AIM OF THE EXERCISE: Lines from the one with "TOYOTA Yaris Hatch XS 1.5 16v Cinza" through the end of the records, and no others, are what the answer should contain, copied exactly; please keep pictures out.

PROVIDED ENTRIES:
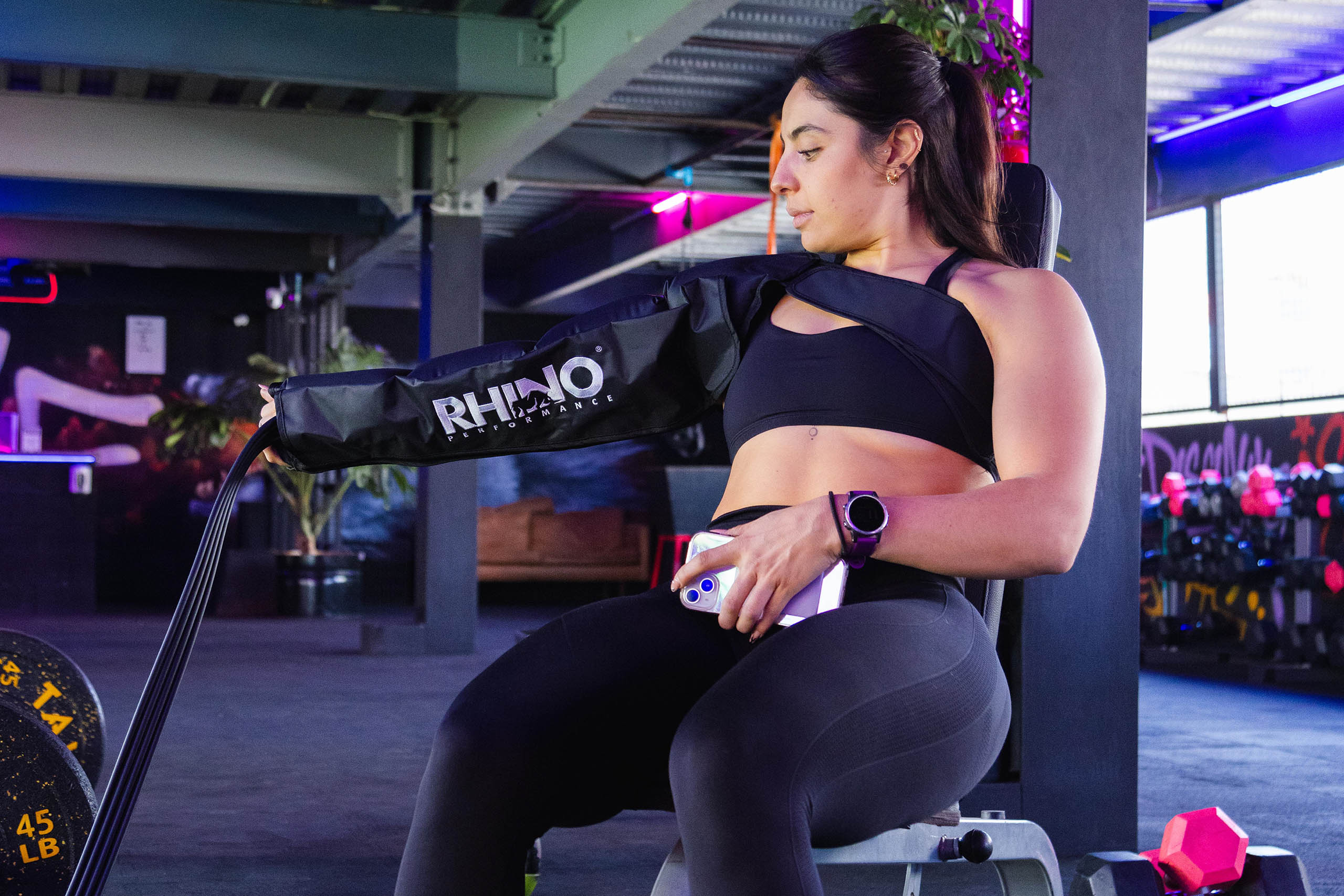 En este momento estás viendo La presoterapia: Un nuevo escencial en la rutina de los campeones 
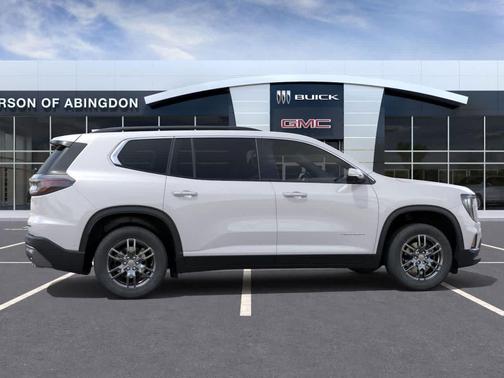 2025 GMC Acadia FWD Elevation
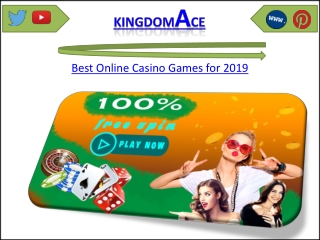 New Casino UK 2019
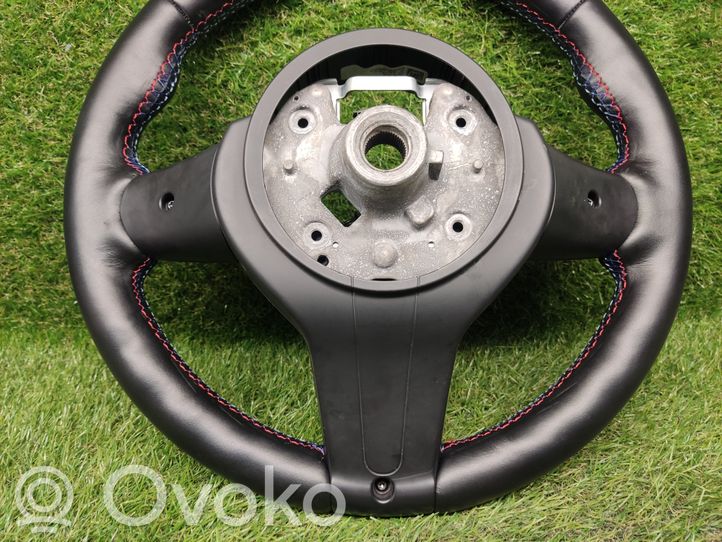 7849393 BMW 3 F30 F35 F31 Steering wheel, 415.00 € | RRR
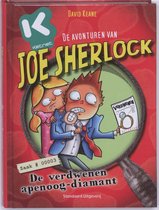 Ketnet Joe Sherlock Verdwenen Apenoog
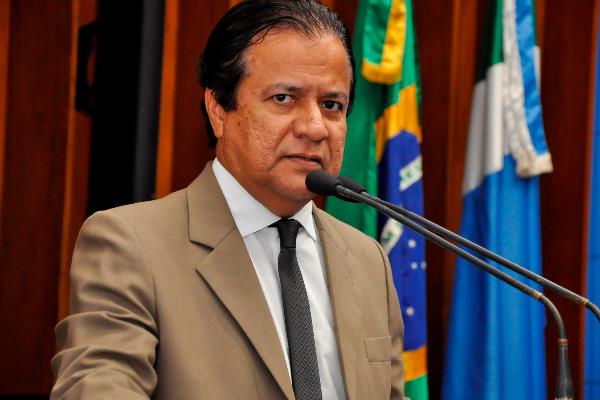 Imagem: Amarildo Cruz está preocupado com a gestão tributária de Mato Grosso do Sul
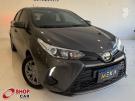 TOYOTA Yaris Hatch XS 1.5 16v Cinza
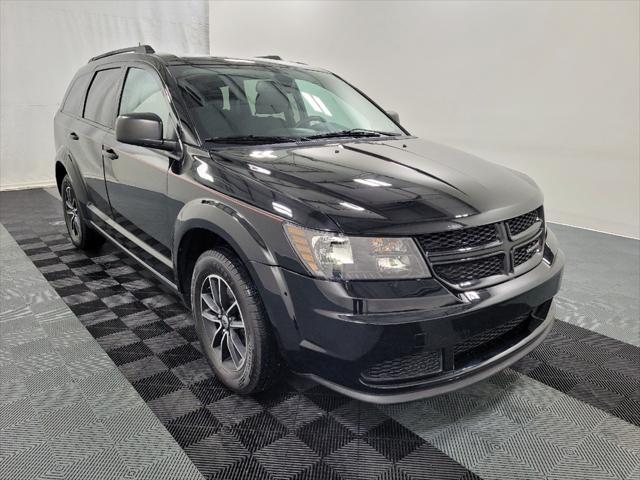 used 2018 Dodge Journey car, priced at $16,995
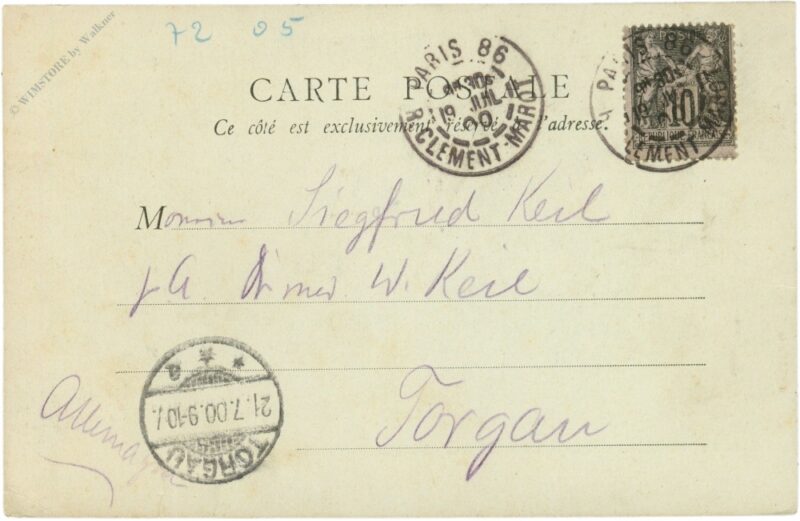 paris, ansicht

EXERCISE SOLUTION:
 TOYOTA Yaris Hatch XS 1.5 16v Cinza
 used 2018 Dodge Journey car, priced at $16,995
 paris, ansicht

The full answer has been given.